Kuzu Backend¶
amplihack-memory-lib uses Kuzu as its primary graph database backend. Kuzu is an embedded graph database (like SQLite for graphs) that requires no server -- it runs in-process and stores data in a local directory.
Why Kuzu¶
| Feature | Benefit |
|---|---|
| Embedded | No server setup, runs in-process |
| Graph-native | First-class support for nodes, edges, and graph traversal |
| Cypher-compatible | Uses openCypher query language |
| Persistent | Stores data on disk, survives process restarts |
| Fast | Columnar storage with vectorized execution |
| Python bindings | Native Python API via kuzu package |
Database Layout¶
Each memory system creates a Kuzu database directory:
~/.amplihack/
hierarchical_memory/
my-agent/ # HierarchicalMemory db
kuzu_db/ # Kuzu data directory
memory/
my-agent/ # MemoryConnector db
kuzu_db/ # Kuzu data directory
CognitiveMemory also creates a Kuzu database at the specified path:
Schema: HierarchicalMemory¶
Node Tables¶
SemanticMemory -- Distilled facts:
CREATE NODE TABLE SemanticMemory(
memory_id STRING, -- UUID primary key
concept STRING, -- Topic/concept label
content STRING, -- Factual content
confidence DOUBLE, -- 0.0-1.0
source_id STRING, -- Provenance (episode ID)
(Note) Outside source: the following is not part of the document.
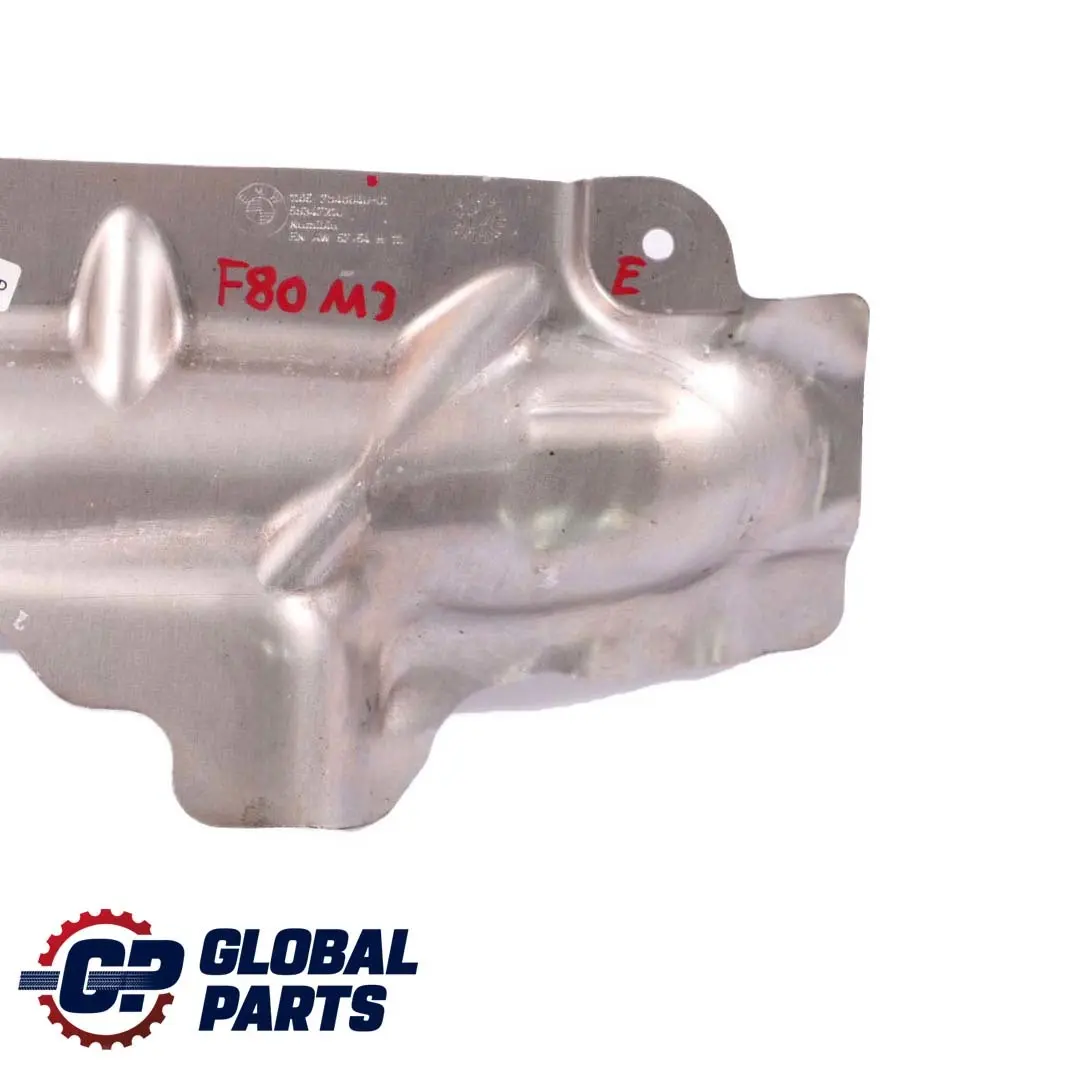 Protector Térmico De Cilindros 4-6 Motor para BMW F80 M3 F82 M4 con número de pieza 7848040 BMW F80 M3 F82 M4 Protector Térmico De Cilindros 4-6 Motor - SKU 7848040 - Número de pieza 7848040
agent_id STRING, -- Agent isolation
tags STRING, -- JSON array of tags
metadata STRING, -- JSON object
created_at STRING, -- ISO timestamp
entity_name STRING, -- Extracted entity (lowercase)
PRIMARY KEY (memory_id)
)
EpisodicMemory -- Raw source content:
CREATE NODE TABLE EpisodicMemory(
memory_id STRING, -- UUID primary key
content STRING, -- Episode content
source_label STRING, -- Origin label
agent_id STRING, -- Agent isolation
tags STRING, -- JSON array
metadata STRING, -- JSON object
created_at STRING, -- ISO timestamp
PRIMARY KEY (memory_id)
)
Relationship Tables¶
-- Text similarity between facts
CREATE REL TABLE SIMILAR_TO(
FROM SemanticMemory TO SemanticMemory,
weight DOUBLE, -- Similarity score
metadata STRING -- JSON (contradiction info)
)
-- Fact derived from episode (provenance)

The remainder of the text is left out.